▶ Data to process
[Start of section]
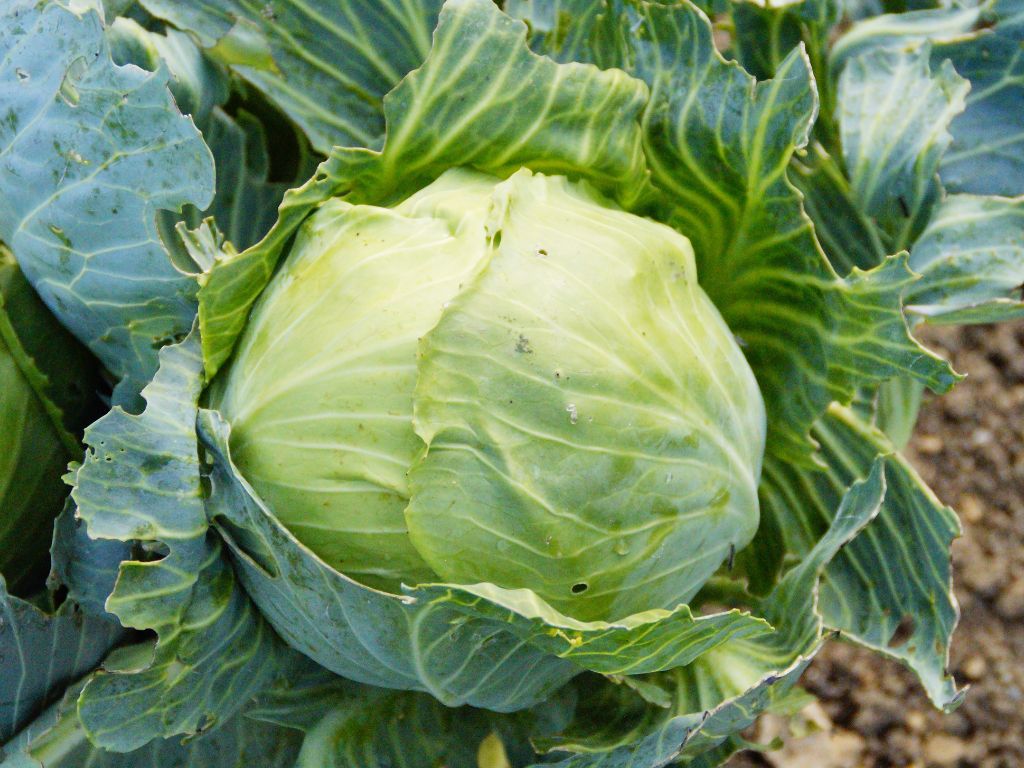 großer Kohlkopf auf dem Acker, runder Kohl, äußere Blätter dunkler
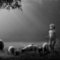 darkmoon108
[End of section]
[Start of section]
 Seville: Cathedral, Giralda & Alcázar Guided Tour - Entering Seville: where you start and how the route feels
[End of section]
▶ What is needed
Using the data above, retype exactly the lines from the line with "großer Kohlkopf auf" to the line with "darkmoon108", inclusive. No pictures and nothing else.

▶ Solution to this exercise
 großer Kohlkopf auf dem Acker, runder Kohl, äußere Blätter dunkler
 darkmoon108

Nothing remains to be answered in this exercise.